Axe 1. Stabilité biomécanique des arbres : développement d’un outil pour mieux évaluer et intervenir sur les arbres urbains.

Ce projet vise à répondre à une question cruciale : comment la taille et l’élagage multi-objectifs (dégagement des fils électriques et réduction de la sensibilité aux charges statiques et dynamiques) peuvent-ils diminuer la vulnérabilité des grands arbres aux bris mécaniques afin de permettre de les conserver? Le résultat attendu de cet axe est de développer un outil pour évaluer la stabilité des arbres face au vent et au verglas, aidant ainsi les villes et Hydro-Québec à décider quand et comment intervenir.
Approches utilisées
- Étude des facteurs morphologiques et anatomiques : Cette approche explore comment la forme de la cime et la densité du bois influencent la résistance des arbres. Dix espèces d’arbres urbains seront analysées, comparant les données empiriques avec des scans LiDAR pour une vision complète de leur structure.
- Impact de l’élagage : Cinq de ces espèces seront étudiées sous différents régimes d’élagage (T, V, et C).
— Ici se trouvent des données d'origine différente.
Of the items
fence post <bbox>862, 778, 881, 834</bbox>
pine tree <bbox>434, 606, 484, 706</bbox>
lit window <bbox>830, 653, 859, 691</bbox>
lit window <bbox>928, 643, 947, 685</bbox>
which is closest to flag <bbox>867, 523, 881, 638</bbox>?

Cette analyse permettra de comprendre comment l’élagage affecte la densité du bois, la structure de la cime et la sécurité de l’arbre.
- Approche par simulation
- Reconstruction et modélisation 3D : En combinant les scans LiDAR et les données anatomiques, des modèles 3D des arbres seront créés. Ces modèles permettront de simuler l’accumulation de verglas et d’estimer les risques de bris des branches selon les différentes espèces et techniques d’élagage.
- Validation empirique : Les modèles seront validés en milieu contrôlé, soumettant des branches à des charges statiques (verglas) et dynamiques (vent) pour identifier les points de rupture en fonction de la densité du bois et du diamètre des branches.
Importance et Application
Ce projet fournira des données précieuses sur la manière dont les pratiques d’élagage affectent la résistance des arbres urbains. En collaboration avec Hydro-Québec et des partenaires municipaux, les résultats aideront à développer des stratégies d’élagage plus efficaces, permettant de conserver de grands arbres tout en assurant la sécurité publique.
Projets de recherche en cours
- Projet de doctorat de Matt Follett
- Projet postdoctoral de Karl Montalban (terminé)
- Projet de maîtrise de Vincent Gendron Rossignol
- Projet postdoctoral de Christopher Scarpone
Axe 2. Contrôle précoce de la cime des arbres: Développement d’approches visant à favoriser l’augmentation du couvert arboré et la sécurité du réseau de distribution.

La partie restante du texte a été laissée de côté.